24 Hours Later, We Have Not Woken Up From This Bad Dream

Andrew Anglin
Daily Stormer
April 8, 2017

As I write, it has been 24 hours since I heard the announcement of the launch of tomahawk missiles against the Assad regime in Syria.

I’m sure for a lot of people, it still hasn’t really sunk in that this is happening. It’s very confusing, and no matter who you look to, no one has any answers.

Though I drew up a list of various possibility yesterday, I think there are really only two options:

1.) This is some kind of complicated chess move we don’t understand meant to confuse Trump’s enemies or to create some kind of leverage against the Jews somehow, or

2.) He is being blackmailed.

Meanwhile, the Jewish media is offering no explanation at all for what the hell is going on, and, led by the New York Times, they are claiming the sole reason that this happened was that Trump felt sad when he saw pictures of gassed children.

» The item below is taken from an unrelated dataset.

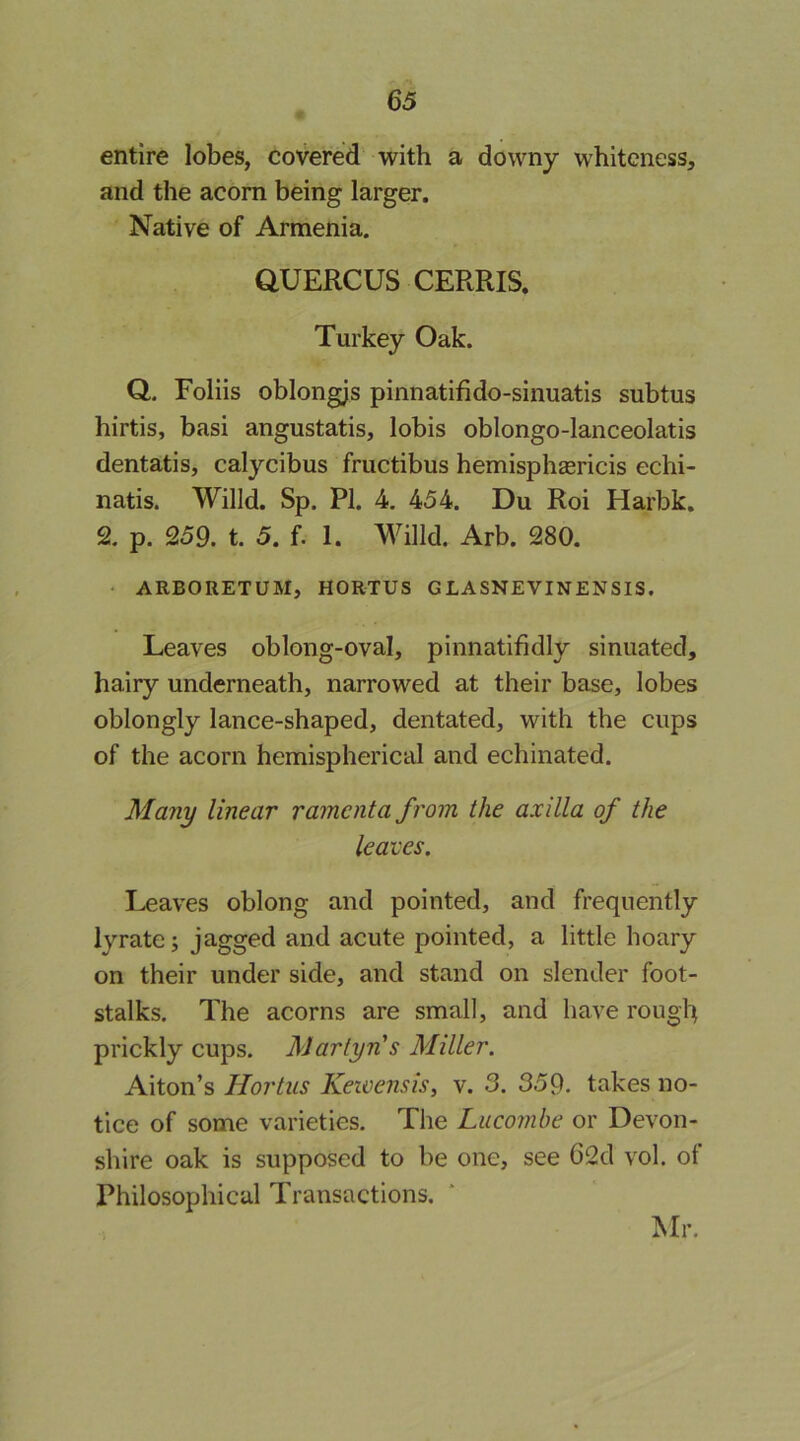 entire lobes, covered with a downy whiteness, and the acorn being larger. Native of Armenia. QUERCUS CERRIS. Turkey Oak. Q. Foliis oblongjs pinnatifido-sinuatis subtus hirtis, basi angustatis, lobis oblongo-lanceolatis dentatis, calycibus fructibus hemisphaericis echi- natis. Willd. Sp. PI. 4. 454. Du Roi Harbk. 2. p. 259. t. 5. f. 1. Willd. Arb. 280. • ARBORETUM, HORTUS GLASNEVINENSIS. Leaves oblong-oval, pinnatifidly sinuated, hairy underneath, narrowed at their base, lobes oblongly lance-shaped, dentated, with the cups of the acorn hemispherical and echinated. Many linear vamenta from the axilla of the leaves. Leaves oblong and pointed, and frequently lyrate; jagged and acute pointed, a little hoary on their under side, and stand on slender foot- stalks. The acorns are small, and have rough prickly cups. Martyn's Miller. Alton’s Hortus Keioensis, v. 3. 359. takes no- tice of some varieties. The Lucombe or Devon- shire oak is supposed to be one, see 62d vol. ot Philosophical Transactions. Mr.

This is also the first time ever, I believe, that the New York Times is taking Trump’s statements at face value, and reporting them as truth.

New York Times:

The images were heartbreaking: Children gasping and choking for breath, their mouths foaming. A grief-stricken father, cradling the lifeless bodies of his two children, swaddled in white blankets. But they were also familiar, a harrowing flashback to 2013, when the Syrian government unleashed the last major poison gas attack on its own people.

This time, though, a new American president was seeing the pictures and absorbing the horror.

Donald J. Trump has always taken pride in his readiness to act on instinct, whether in real estate or reality television. On Thursday, an emotional President Trump took the greatest risk of his young presidency, ordering a retaliatory missile strike on Syria for its latest chemical weapons attack. In a dizzying series of days, he upended a foreign policy doctrine based on putting America first and avoiding messy conflicts in distant lands.

Mr. Trump’s advisers framed his decision in the dry language of international norms and strategic deterrence. In truth, it was an emotional act by a man suddenly aware that the world’s problems were now his — and that turning away, to him, was not an option.

“I will tell you,” he said to reporters in the White House Rose Garden on Wednesday, “that attack on children yesterday had a big impact on me — big impact. That was a horrible, horrible thing. And I’ve been watching it and seeing it, and it doesn’t get any worse than that.”

So, we are being told that Trump was like, “I have an ideology, values, people who voted for me relying on me, a duty to America, a duty to the entire world not to start a world war – but when I saw those pictures of the babies, I was just like ‘fuck all that, these baby pictures have made me really sad.'”

This is absurd.

Donald Trump is a grown adult man.

This is baby-tier fake news for women and retards.

Look at this room:

You’re telling me this was a group-counseling session with all of these men sitting around talking about how pictures of babies made them feel?

That’s even stupider than the initial “he gassed his own people for no reason” claim.

When I look at that picture, I don’t see a group-counseling session for adult men grieving over photos of Middle Eastern children.

What I see is a Jew at the table, and the one guy who should have been making this call over in the corner next to a lamp.

If you enlarge that picture and stare at it, Kushner appears to be looking directly at Bannon and not at Trump.

The New York Times has also reported just an hour ago that Trump is fed-up with the “infighting” between Kushner and Bannon and may act soon. Obviously, NYT reports are only true about 30% of the time, but this one could be in the 30%.

Removing Bannon from the table while making a decision this huge is extremely symbolic.

And it seems to me that I know where this is most likely going. And I am able to admit that to myself. Steve Bannon is either going to be fired or moved to some corner-of-the-room position, in which case he will most likely resign.

Steve Bannon won the Presidency.

It is Steve Bannon’s vision that we voted for.

Removal or demotion of Bannon is a direct attack on the support base of Trump, and it is a betrayal of America.

Kushner is not just a neoconservative warhawk, he is also pro-open borders, pro-Islam, pro-amnesty. He is all of the opposite positions. In short, he is a Jew.

To me personally, it is clear that Trump is acting under duress, being blackmailed in some way. However, that doesn’t really matter, does it? The effect is the same as if he actually had an emotional breakdown while look at Syrian baby pictures and decided the Jews were right all along.

Today, I’m going to try and do a normal news day, try to write some articles about things unrelated to this fiasco. Going to do my best. The SPLC is getting sued, for instance. That’s good news.